The variational lower bound \(E_{z \sim q_\theta (z|x)} [\log p_\phi (x|z)]\) measures the expectation value of the log probability of inputs reconstructed by the decoder \(p_\phi (x|z)\), with z sampled from the encoded latent space distribution \(q_\theta (z|x)\) for the given input data x. This penalises the VAE for generating output distributions different from the input training data x and thus characterises the capacity of the decoder to recover data from the latent representation. Assuming that the reconstructed input data \(\tilde{x}\) differ from the true input samples x in a normally distributed way, the mean squared error \(||\tilde{x}-x||^2_2\) is used as the reconstruction loss. The second term, the negative Kullback–Leibler divergence, measures the divergence of the encoded latent space distribution \(q_\theta (z|x)\) from the chosen prior probability density function p(z). It is defined as

$$\begin{aligned}{} & {} -D_\text {KL}(q_\theta (z|x)||p(z)) = \frac{1}{2}\sum _{i=1}^{n} \left( 1+\log \left( \sigma _i^2(x)\right) \right. \\{} & {} \qquad \qquad \qquad \qquad \qquad \left. - \mu _i^2(x) - \sigma _i^2(x)\right) , \end{aligned}$$

where \(\mu _i\) and \(\sigma _i\) enter \(q_\theta (z|x)\) as the normal distribution \(\mathcal {N}(z|{\mu },{\sigma })\) and n is the number of latent-space dimensions.

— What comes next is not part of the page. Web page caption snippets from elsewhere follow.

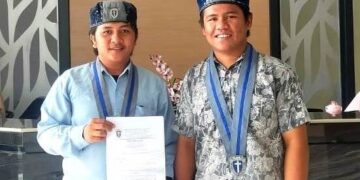 Berada di Kantor Gubernur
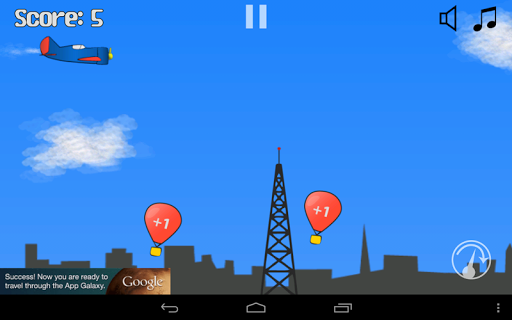 【免費休閒App】Balloons Defense-APP點子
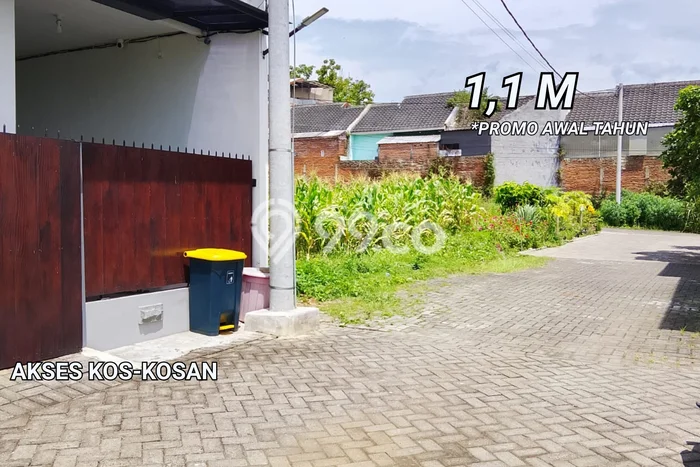 Dijual Rumah Kost di Merjosari, Malang, 10 KT, 10 KM, Bangunan 133m2 Dijual Rumah Kost di Merjosari, Malang, 10 KT, 10 KM, Bangunan 133m2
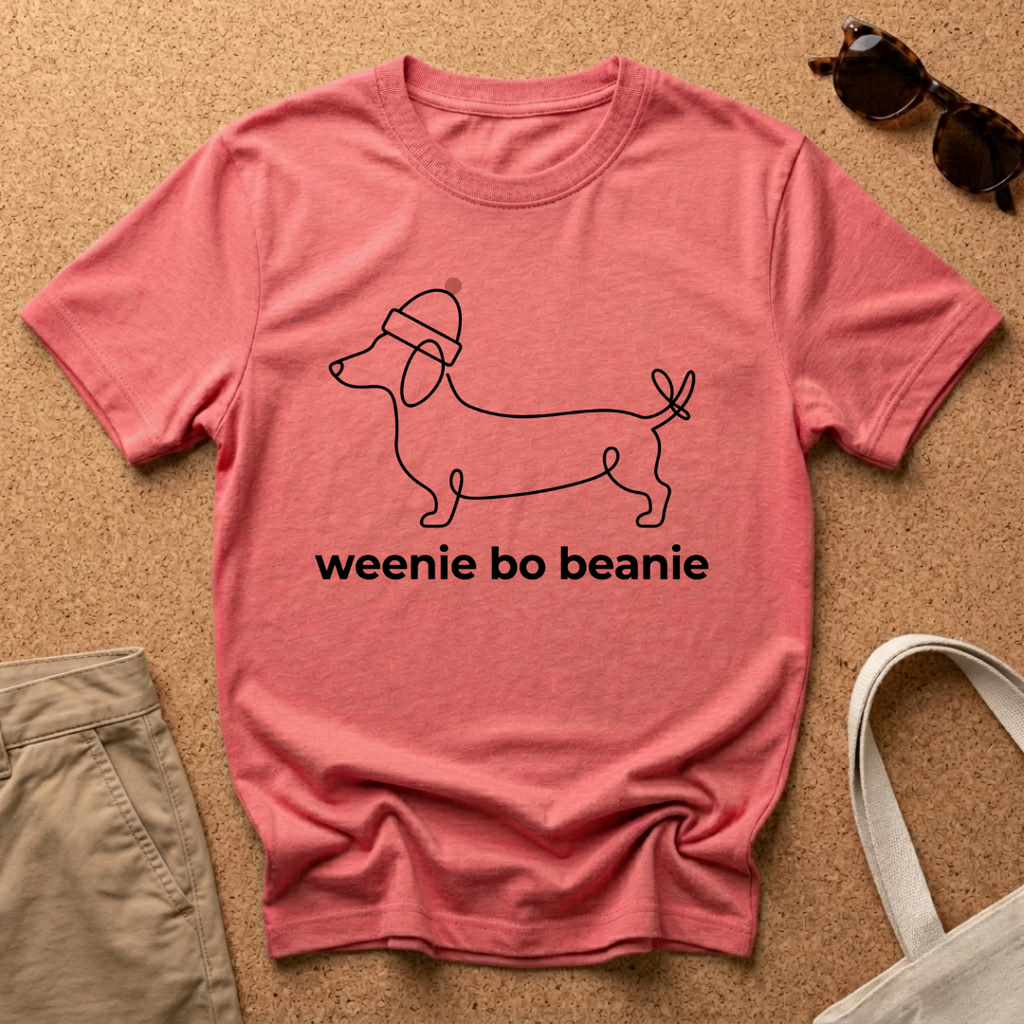 Weenie Beanie Line T-Shirt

For fast calorimeter simulation, the objective function is scaled by a weight for each term, controlling the relative importance of the contributions during the optimisation of the model, as proposed by the \(\beta\)-VAE model [27]. The \(D_\text {KL}\) term acts as a regularisation, and changing its weight directly affects the generated distributions. In contrast to the values proposed in Ref. [27], \(D_\text {KL}\) is multiplied by a weight \(w_\text {KL}\) in the interval (0, 1] to prioritise reconstruction performance over accurately matching the latent space distribution to the chosen prior p(z). At the maximum value for the weight, the loss becomes equivalent to the true variational lower bound, as seen in Eq. (1).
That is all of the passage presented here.